As long as you are driving in an area where Uber us available.


----------



## Flarpy (Apr 17, 2016)

Thanks. Of course one would have to have a reasonable income from those miles driven, one couldn't just drive around 10,000 miles and have nothing to show for it or the IRS would disallow those deductions. But you get what I'm saying.


----------



## Null (Oct 6, 2015)

I think you're misunderstanding the deduction.

You can deduct for business related miles. If your INTENTION is not to transport passengers and just have an app on or do so while getting groceries, that doesn't count as a business purpose. Your intent plays a big part in the legitimacy of the deduction. Legitimacy and what you can probably get away with are two different things, as you seem to allude to.

No, Uber and Lyft do NOT report to the IRS how many miles you were app on. They submit a 1099k to you which showcases gross receipts. They report to the IRS as if they were a credit card processor like PayPal or Square. Technically they don't even have to send ANYTHING to the IRS unless you had more than 25k in gross receipts. 

They might get an inquiry from the IRS if you were to be audited, I have no idea of either of their obligation to furnish any mileage info to the IRS on demand.

You need to be keeping track of your own miles with date, odometer readings and business purpose. 

If all you deduct are your app on miles, you're potentially leaving 1000s on the table as trips to get car washes, maintenance, etc. All count as well.


----------



## Flarpy (Apr 17, 2016)

Null said:


> I think you're misunderstanding the deduction.


I don't think so 



> You can deduct for business related miles. If your INTENTION is not to transport passengers and just have an app on or do so while getting groceries, that doesn't count as a business purpose. Your intent plays a big part in the legitimacy of the deduction. Legitimacy and what you can probably get away with are two different things, as you seem to allude to.

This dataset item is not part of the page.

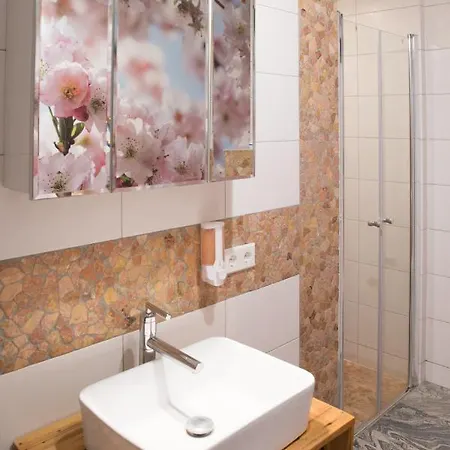 Monteurzimmer Rabe Guest house Billigheim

I understand that. Keep in mind that the IRS can and does use statistics to determine intent. If it determines that your annual reported income is way below what "normal" profit-making businesses of the same type as yours make for the same number of expenses as you claim, they'll simply disallow a certain number of deductions and, if you disagree, you have 90 days to sue them in tax court. Most people won't.



> No, Uber and Lyft do NOT report to the IRS how many miles you were app on.

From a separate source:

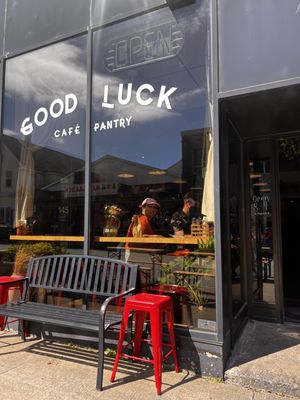 Café Goodluck by null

I do understand that  When I said "report" I meant _to the user_, not to the IRS.



> *Technically they don't even have to send ANYTHING to the IRS unless you had more than 25k in gross receipts.*


 *Please cite your source for this. I'm not familiar with this law or IRS regulation.*



> They might get an inquiry from the IRS if you were to be audited, I have no idea of either of their obligation to furnish any mileage info to the IRS on demand.


The IRS wouldn't bother. They'd simply disallow the deductions and bill you for the difference with a "notice of deficiency." If you want to contest the matter you have 90 days after that to sue the IRS and have a tax court decide the matter. If you miss that deadline, you have to pay the disputed amount and sue them in Federal District court.



> You need to be keeping track of your own miles with date, odometer readings and business purpose.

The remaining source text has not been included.